This isn't too different from Oracle (with SERIALIZABLE). What is different is the "writers won't block readers". In current versions of IDS this happens. In Cheetah with LAST COMMITTED READ you can avoid it.
If this isn't clear please send me an e-mail and I'll try to clarify the subject.
Regards and thanks for the feedback.
Thanks for clearing that up.
Just to clear up my mind, if my session is just selecting data and the other session is also just selecting data irrespective of the isolation levels we would not have any kind of locking concerns. Locking/waiting concerns crop up only when we have sessions doing inserts also and as you pointed out if my session wants to insert/update and another session with isolation level of REPEATABLE READ is selecting data, I would be blocked.

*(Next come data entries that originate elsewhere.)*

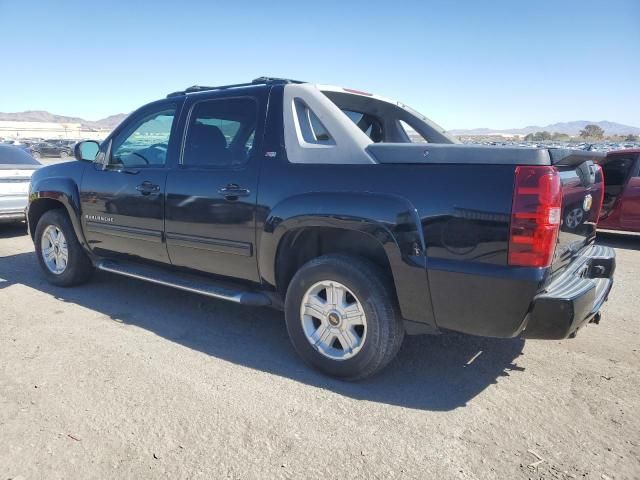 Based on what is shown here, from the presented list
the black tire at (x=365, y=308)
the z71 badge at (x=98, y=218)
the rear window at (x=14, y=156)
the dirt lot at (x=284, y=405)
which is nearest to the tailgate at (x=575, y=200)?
the dirt lot at (x=284, y=405)

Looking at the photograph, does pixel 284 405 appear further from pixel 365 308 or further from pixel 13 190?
pixel 13 190

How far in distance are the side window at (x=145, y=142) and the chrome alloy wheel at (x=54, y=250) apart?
46.8 inches

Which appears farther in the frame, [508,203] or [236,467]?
[508,203]

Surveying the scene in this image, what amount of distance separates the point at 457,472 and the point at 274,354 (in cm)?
171

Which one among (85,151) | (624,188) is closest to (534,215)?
(85,151)

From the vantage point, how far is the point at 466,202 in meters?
2.71

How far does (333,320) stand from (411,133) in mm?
2410

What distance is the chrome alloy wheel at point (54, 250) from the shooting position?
5.32 meters

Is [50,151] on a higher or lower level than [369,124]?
lower

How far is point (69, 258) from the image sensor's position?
525 cm

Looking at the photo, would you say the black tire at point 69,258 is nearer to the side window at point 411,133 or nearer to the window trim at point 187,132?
the window trim at point 187,132

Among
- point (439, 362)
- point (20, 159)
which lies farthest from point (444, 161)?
point (20, 159)

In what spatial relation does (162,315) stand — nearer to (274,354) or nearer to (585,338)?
(274,354)

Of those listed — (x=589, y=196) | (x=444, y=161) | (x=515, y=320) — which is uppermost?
(x=444, y=161) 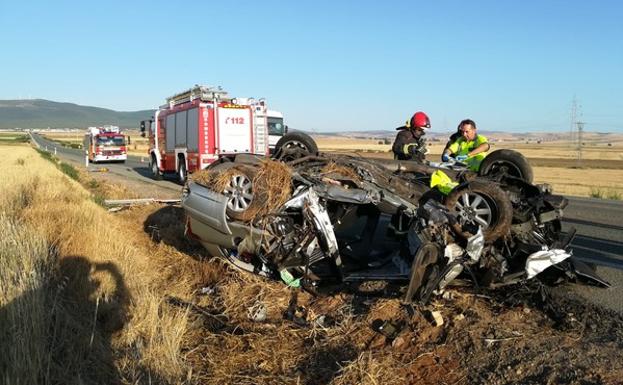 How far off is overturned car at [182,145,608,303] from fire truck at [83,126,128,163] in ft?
94.4

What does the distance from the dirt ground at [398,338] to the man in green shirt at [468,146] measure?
2.43 meters

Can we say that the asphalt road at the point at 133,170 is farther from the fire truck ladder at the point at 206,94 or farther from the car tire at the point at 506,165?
the car tire at the point at 506,165

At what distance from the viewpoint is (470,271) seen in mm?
4453

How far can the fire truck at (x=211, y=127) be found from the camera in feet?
52.7

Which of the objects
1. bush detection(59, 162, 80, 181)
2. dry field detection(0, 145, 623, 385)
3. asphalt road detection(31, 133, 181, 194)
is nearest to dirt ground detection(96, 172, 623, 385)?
dry field detection(0, 145, 623, 385)

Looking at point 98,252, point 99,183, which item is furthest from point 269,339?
point 99,183

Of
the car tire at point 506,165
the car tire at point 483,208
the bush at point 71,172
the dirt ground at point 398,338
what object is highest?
the car tire at point 506,165

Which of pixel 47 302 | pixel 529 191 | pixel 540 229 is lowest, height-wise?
pixel 47 302

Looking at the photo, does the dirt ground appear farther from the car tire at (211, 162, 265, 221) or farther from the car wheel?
the car tire at (211, 162, 265, 221)

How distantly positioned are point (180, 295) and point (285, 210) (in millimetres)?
1537

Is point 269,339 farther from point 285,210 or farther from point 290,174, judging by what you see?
point 290,174

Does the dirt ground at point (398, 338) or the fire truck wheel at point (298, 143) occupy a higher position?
the fire truck wheel at point (298, 143)

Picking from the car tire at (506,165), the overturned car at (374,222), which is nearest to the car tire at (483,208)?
the overturned car at (374,222)

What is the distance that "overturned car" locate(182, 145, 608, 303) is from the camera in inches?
174
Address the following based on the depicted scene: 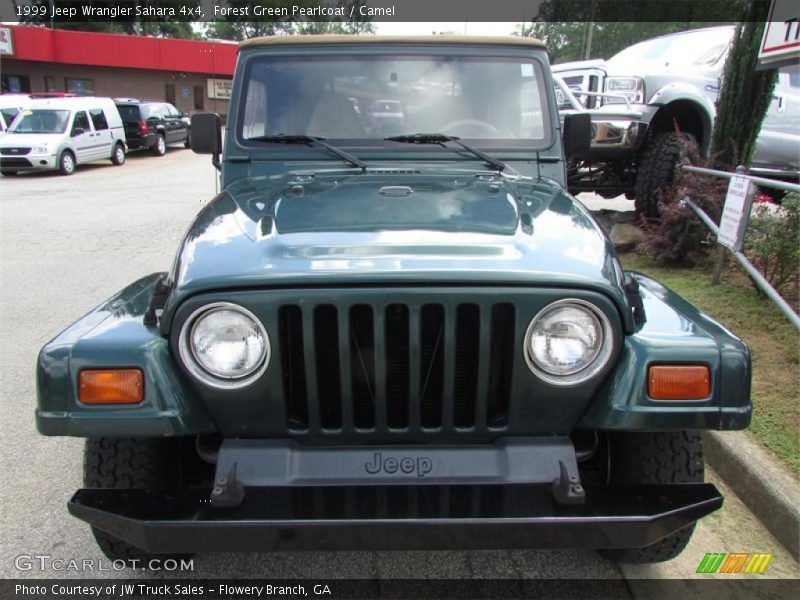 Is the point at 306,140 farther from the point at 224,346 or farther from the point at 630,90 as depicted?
the point at 630,90

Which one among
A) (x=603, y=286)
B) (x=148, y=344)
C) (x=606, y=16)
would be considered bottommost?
(x=148, y=344)

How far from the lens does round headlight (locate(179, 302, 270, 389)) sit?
1851mm

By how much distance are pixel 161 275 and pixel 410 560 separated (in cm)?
149

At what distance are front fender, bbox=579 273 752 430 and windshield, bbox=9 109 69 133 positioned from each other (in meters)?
18.1

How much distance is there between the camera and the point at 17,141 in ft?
52.4

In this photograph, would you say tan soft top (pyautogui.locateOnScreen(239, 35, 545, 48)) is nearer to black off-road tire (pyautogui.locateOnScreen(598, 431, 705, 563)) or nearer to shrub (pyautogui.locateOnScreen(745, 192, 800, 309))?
black off-road tire (pyautogui.locateOnScreen(598, 431, 705, 563))

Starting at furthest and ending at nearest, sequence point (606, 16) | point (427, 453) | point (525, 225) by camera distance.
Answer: point (606, 16)
point (525, 225)
point (427, 453)

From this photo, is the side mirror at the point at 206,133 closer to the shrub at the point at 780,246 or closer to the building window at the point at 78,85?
the shrub at the point at 780,246

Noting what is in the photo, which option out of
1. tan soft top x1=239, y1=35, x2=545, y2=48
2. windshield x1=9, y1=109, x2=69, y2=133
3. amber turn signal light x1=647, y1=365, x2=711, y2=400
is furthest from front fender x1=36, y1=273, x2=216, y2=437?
windshield x1=9, y1=109, x2=69, y2=133

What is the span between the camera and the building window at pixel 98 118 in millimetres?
17969

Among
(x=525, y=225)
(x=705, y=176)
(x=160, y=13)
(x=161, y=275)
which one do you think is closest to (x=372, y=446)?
(x=525, y=225)

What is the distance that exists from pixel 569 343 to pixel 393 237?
24.3 inches

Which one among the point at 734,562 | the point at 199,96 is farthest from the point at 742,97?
the point at 199,96

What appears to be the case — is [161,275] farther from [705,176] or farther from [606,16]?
[606,16] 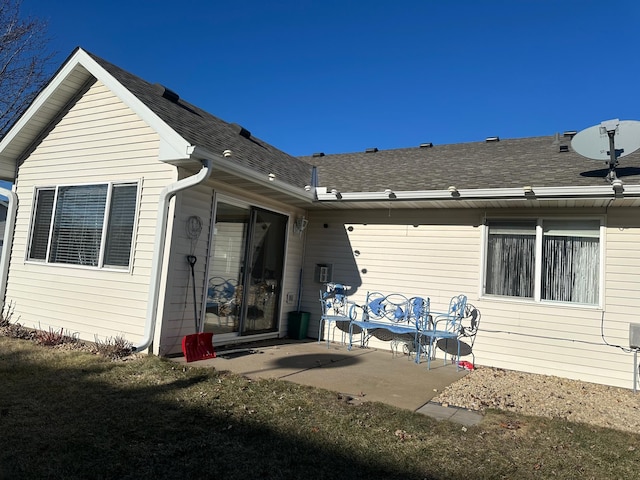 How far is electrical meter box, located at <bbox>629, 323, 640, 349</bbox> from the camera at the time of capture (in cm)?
560

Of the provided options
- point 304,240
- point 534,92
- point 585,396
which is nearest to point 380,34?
point 534,92

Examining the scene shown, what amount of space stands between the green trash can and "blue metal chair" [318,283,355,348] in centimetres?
31

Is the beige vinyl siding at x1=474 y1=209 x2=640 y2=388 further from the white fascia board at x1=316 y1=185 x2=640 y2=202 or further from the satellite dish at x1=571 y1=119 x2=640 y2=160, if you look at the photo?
the satellite dish at x1=571 y1=119 x2=640 y2=160

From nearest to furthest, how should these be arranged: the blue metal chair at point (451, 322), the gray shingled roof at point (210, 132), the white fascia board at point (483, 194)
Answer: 1. the white fascia board at point (483, 194)
2. the gray shingled roof at point (210, 132)
3. the blue metal chair at point (451, 322)

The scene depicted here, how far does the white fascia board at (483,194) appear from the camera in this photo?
553 centimetres

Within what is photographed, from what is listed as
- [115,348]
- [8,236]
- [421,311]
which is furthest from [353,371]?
[8,236]

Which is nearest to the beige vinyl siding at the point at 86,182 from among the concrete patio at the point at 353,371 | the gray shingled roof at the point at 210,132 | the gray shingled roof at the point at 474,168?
the gray shingled roof at the point at 210,132

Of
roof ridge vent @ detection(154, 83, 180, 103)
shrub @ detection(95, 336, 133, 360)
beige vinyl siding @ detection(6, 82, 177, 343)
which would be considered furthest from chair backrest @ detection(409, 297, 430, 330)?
roof ridge vent @ detection(154, 83, 180, 103)

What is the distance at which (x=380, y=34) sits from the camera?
9641 millimetres

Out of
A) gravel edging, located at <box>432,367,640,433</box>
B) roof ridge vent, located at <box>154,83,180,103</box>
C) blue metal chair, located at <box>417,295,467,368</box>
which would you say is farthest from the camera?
roof ridge vent, located at <box>154,83,180,103</box>

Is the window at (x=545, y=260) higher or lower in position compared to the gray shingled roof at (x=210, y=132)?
lower

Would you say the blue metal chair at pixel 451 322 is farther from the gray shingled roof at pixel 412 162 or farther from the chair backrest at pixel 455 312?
the gray shingled roof at pixel 412 162

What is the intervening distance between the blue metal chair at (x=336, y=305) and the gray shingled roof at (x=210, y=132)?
2.06 metres

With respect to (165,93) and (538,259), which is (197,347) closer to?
(165,93)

So in effect what this new isolation level LAST COMMITTED READ provides is equivalent to what Oracle provides under READ COMMITTED - "readers not being blocked by writers" and the behaviour of the isolation level COMMITTED READ (i.e. readers being blocked by writers) provided by Informix does not have a clear-cut equivalent in the Oracle world.
In the case of Informix with my session in REPEATABLE READ mode another session just cannot update the data which I am querying. SERIALIZABLE's behavior in Oracle is slightly different from what you mention. If my session is in SERIALIZABLE mode another session can update the data that my session is trying to query and in that case my query would error out with a ORA-08177 and as a corollary, I believe, you can modify the data irrespective of the fact that another transation has a SERIALIZABLE isolation level.
-AC
Yes for 1st paragraph: "readers won't block readers"
Yes for 2nd paragraph: Oracle and others (Postgres) are called "versioned RDBMS", so they don't block... In fact I think in Oracle you can't do a dirty read... Not that it's usually useful.. Most of the times we used it to workaround the blocking issue.
I had a different idea about Oracle's SERIALIZABLE behavior, but as you can imagine, Oracle is not my speciality :)
So I'll take it as you say.
You can find a good description of locking and isolation levels in Informix on the following URL: http://www-128.ibm.com/developerworks/db2/library/techarticle/dm-0609herber/index.html
Hope this helps,
Fernando Nunes
The URL isn't visible... At least for me... try this
Thanks very informative...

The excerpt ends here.